I mean, not literally, just in the way of, like, you know, when it tastes like, really good, like something that might cost you a lot of cash money, or has the same positive association of money, not that money is everything but, like… gah. You know what I mean.
Have you started school again? Or your kids? O your kids’ kids? Or you’re the teacher? Or you work from home and you’re looking out the window to borrow some back-to-school vibes from the kiddos in backpacks walking to the bus? Back-to-school is upon us all. See also: OH. MY. GOSH.
It sounds so basic to say that I can’t believe that it’s already that time of year – probably because it IS so basic. It’s what I say every season, every year. But with the upheaval and constant grief of this last year, time just feels especially weird. Like it’s been both too slow and too fast all at once. But as usual, time ticks on, and that is, I guess, is how you find yourself staring down the completed ravaged back-to-school section at Target wondering why the pencils are already out because didn’t summer just start? Here we go again.
I’m making it sound like this is a bad thing, but I actually adore everything about the fall season. As a former teacher, I think I will always have a little bit of that super zealous back-to-school spirit running through my veins. At top of my list of things I love about fall is really, really good food. Like, comforting, cozy, wrapped in a sweater kind of good food. Think ancho turkey chili and cornbread after the first week of school. Carnitas and magic green sauce on game day. Detox lentil soup and no-knead bread for your first official on-time dinner in months.
Green curry. Green curry with some weirdo stuff in it (tofu? golden raisins? sweet potatoes?) that is going to make you feel like you won both the nutritional and yumo-food olympics.
At its core, this is just a playful, easy five-ingredient recipe:
- Tofu, browned to crispiness – no more, no less
- Sweet potato chunks
- Broccoli florets
- Coconut milk
- Green curry paste
I added a handful of golden raisins (go on and get wild) and cilantro (WHEN IN DOUBT OBVI) and did not regret either of those very out-of-the-box decisions.
May I also recommend finishing it up salt bae style with a hit of 1) fish sauce, which will make you question everything you ever knew, and 2) brown sugar? Tell me about it, girl.
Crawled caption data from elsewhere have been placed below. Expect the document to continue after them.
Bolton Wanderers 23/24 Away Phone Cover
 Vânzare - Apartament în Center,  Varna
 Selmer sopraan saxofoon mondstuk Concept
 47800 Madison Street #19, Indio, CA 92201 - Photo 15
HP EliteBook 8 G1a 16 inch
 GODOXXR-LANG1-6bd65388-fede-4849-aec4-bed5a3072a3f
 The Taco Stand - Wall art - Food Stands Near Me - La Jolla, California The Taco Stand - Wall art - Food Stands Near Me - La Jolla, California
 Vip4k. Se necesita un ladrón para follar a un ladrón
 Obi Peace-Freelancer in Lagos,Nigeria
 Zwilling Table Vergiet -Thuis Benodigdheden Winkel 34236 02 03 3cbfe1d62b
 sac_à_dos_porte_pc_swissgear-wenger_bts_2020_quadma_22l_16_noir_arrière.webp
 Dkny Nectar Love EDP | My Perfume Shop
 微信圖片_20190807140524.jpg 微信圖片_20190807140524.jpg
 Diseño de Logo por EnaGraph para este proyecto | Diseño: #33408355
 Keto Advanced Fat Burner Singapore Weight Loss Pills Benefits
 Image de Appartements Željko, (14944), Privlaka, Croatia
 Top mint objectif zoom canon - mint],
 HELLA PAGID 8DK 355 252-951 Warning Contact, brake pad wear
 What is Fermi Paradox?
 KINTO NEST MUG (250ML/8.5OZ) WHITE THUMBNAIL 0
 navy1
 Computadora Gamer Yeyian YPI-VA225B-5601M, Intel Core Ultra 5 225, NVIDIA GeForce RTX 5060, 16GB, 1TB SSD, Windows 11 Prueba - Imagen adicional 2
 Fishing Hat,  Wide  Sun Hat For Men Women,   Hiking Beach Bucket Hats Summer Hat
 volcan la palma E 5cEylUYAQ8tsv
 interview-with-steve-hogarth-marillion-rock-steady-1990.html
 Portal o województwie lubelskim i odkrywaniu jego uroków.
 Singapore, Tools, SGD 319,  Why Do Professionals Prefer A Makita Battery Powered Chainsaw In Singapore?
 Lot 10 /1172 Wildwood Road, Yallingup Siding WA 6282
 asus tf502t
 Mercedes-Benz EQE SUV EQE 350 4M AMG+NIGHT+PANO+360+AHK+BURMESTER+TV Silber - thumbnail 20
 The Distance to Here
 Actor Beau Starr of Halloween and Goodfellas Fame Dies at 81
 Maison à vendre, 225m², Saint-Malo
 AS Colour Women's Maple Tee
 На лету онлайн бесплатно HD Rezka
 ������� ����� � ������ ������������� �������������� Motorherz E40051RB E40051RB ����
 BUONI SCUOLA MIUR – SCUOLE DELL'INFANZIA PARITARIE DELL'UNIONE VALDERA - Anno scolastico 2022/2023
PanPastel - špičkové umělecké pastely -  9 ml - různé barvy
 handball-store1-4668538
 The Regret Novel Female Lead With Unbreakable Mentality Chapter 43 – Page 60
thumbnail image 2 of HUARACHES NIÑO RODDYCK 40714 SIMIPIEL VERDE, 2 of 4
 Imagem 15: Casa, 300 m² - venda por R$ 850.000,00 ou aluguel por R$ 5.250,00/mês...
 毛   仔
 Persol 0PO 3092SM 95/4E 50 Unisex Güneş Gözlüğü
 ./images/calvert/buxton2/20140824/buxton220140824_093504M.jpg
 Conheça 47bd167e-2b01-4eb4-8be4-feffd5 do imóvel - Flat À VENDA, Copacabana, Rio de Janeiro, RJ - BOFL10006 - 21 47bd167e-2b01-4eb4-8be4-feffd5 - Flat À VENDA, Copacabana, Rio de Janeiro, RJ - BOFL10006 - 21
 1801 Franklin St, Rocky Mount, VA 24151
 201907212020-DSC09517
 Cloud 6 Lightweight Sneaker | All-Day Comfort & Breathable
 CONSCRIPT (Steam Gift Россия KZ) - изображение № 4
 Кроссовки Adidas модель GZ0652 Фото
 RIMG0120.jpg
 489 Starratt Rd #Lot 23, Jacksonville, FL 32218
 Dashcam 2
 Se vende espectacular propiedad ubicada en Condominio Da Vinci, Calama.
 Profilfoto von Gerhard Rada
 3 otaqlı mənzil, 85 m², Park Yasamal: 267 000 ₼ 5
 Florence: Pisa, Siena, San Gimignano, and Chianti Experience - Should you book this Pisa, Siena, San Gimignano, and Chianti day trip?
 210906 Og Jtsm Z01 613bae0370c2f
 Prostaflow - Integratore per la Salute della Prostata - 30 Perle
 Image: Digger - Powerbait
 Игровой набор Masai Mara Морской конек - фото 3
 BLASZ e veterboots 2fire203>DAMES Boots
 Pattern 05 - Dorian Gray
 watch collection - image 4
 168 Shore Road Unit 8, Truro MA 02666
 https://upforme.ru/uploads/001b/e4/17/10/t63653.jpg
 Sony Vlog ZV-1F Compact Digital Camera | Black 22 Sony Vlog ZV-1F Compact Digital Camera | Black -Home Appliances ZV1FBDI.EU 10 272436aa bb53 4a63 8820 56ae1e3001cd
I thought about making my own green curry paste, but friends, in my googling, I read that many Thai cooks think it’s better to just buy the commercial jarred curry paste than to make your own if you’re going to be making substitutions. Hello. Hi. Good news! Savin’ me some work. And hopefully makes it taste more authentic, according to the internet. I can do that. I can buy up a jar of green curry paste and cook up some curry magic with it.
Words about store bought green curry paste: I used Thai Kitchen green curry paste and found it to be might tasty in this curry. To be fair, I wouldn’t describe the paste itself as write-home level good, but it works for making a green curry real nice and quick with a single, list-less trip to a single, basic grocery store. This is an automatic win. However. Upon further research, I found that many people recommend Mae Ploy brand green curry paste. Any users who can confirm? Leave a comment, you neighborhood curry paste experts.
So for the making of the first 5+ batches of green curry in my life, I used Thai Kitchen green curry paste. But I have, in the last two days, ordered my first little container of Mae Ploy green curry paste – thank you Amazon! – and I will soon get to the bottom of this.
Is Mae Ploy really so much better? Will my green curry go up five hundred percent in deliciousness? Time will tell. (I’ll pop back with an update.)
So here we have it: the first, back-to-school, easy and comfy-cozy recipe of fall.
If steamy rice + creamy green curry + a deep, huggable bowl = fall, I swear I am so ready.